Instructions to follow: Extract the line that contains "Excel Shortcuts: Using" and every line after it through the end of the records below, exactly as written, leaving out any pictures.

Extracted data:
=== Section Start ===

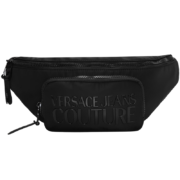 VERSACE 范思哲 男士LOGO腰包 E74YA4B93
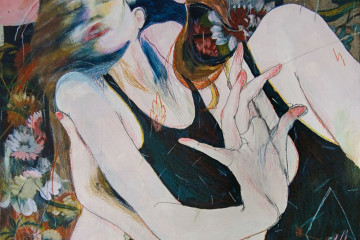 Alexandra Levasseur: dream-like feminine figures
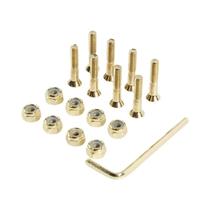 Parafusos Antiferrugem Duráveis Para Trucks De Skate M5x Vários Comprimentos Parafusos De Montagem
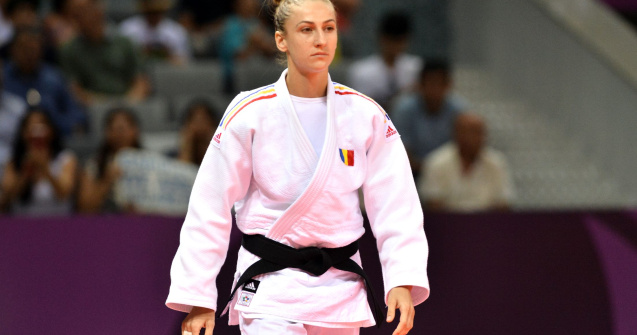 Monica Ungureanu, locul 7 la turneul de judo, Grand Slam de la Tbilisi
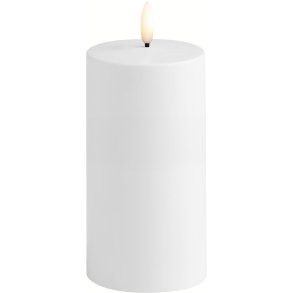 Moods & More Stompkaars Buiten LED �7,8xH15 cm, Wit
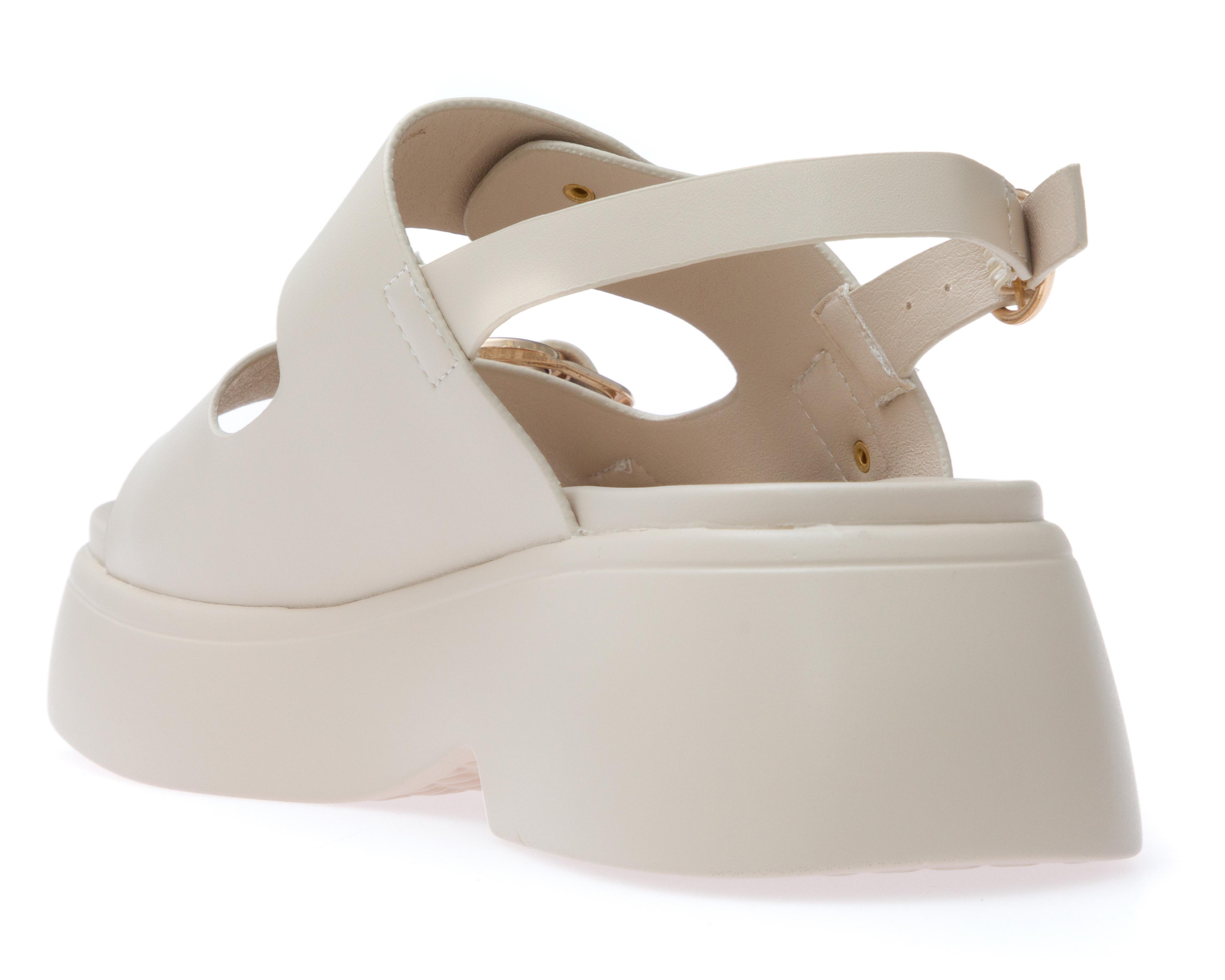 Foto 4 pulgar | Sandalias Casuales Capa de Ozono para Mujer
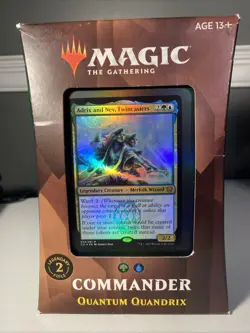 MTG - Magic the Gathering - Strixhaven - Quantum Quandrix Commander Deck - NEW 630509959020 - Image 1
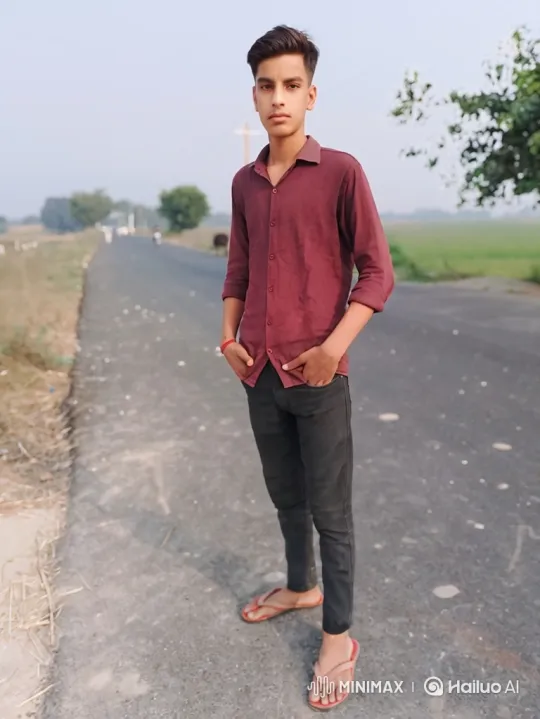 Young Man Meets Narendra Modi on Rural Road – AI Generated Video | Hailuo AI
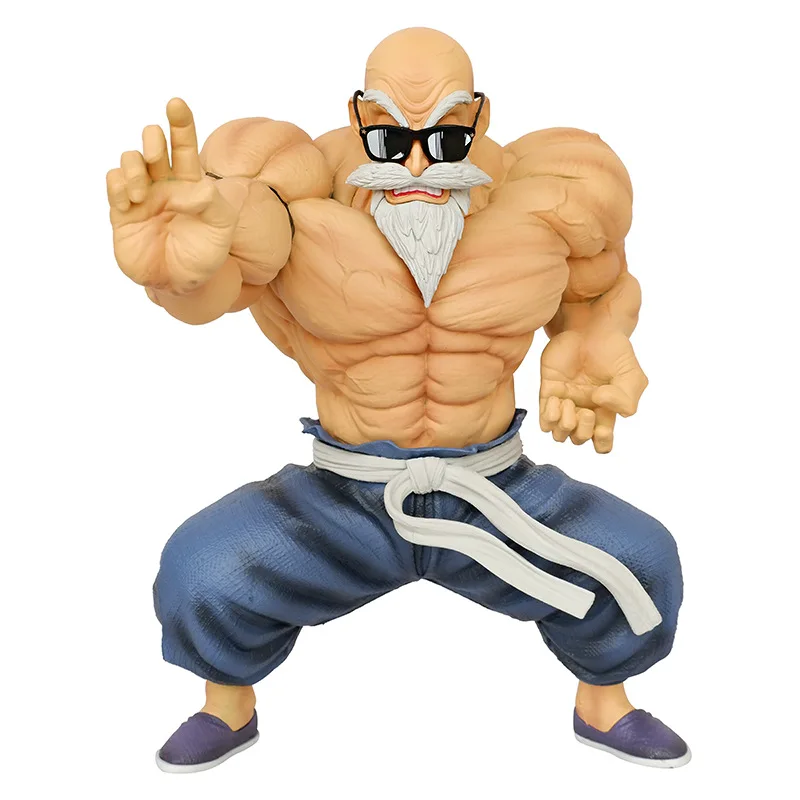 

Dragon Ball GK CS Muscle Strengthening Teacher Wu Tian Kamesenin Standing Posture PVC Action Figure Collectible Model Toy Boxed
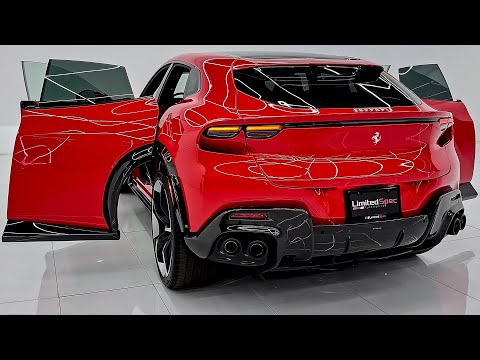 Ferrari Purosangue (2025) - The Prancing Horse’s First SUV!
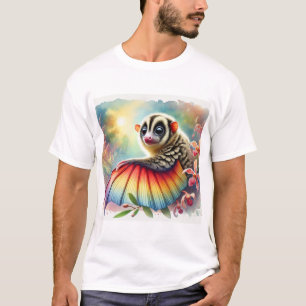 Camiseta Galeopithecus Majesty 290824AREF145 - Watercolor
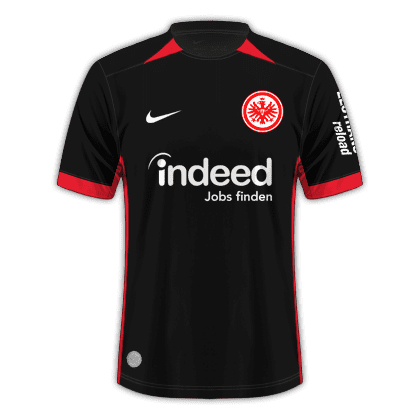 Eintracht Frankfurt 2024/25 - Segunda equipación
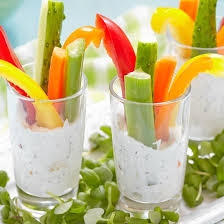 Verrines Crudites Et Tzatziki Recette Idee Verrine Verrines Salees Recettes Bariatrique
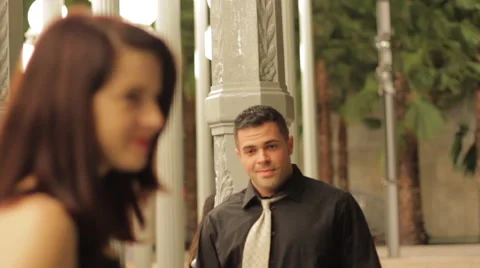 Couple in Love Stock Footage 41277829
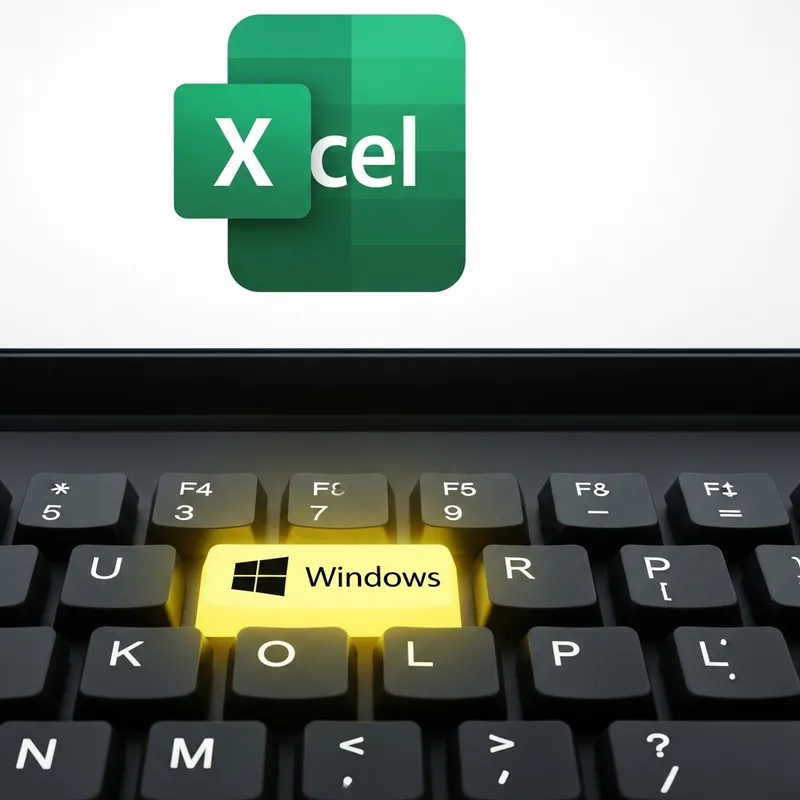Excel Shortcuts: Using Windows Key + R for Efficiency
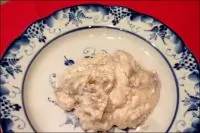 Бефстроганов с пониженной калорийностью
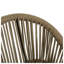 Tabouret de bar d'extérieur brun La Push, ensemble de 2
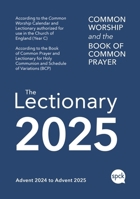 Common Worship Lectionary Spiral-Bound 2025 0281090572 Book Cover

=== Section End ===

Exercise answer:
Excel Shortcuts: Using Windows Key + R for Efficiency
 Бефстроганов с пониженной калорийностью
 Tabouret de bar d'extérieur brun La Push, ensemble de 2
 Common Worship Lectionary Spiral-Bound 2025 0281090572 Book Cover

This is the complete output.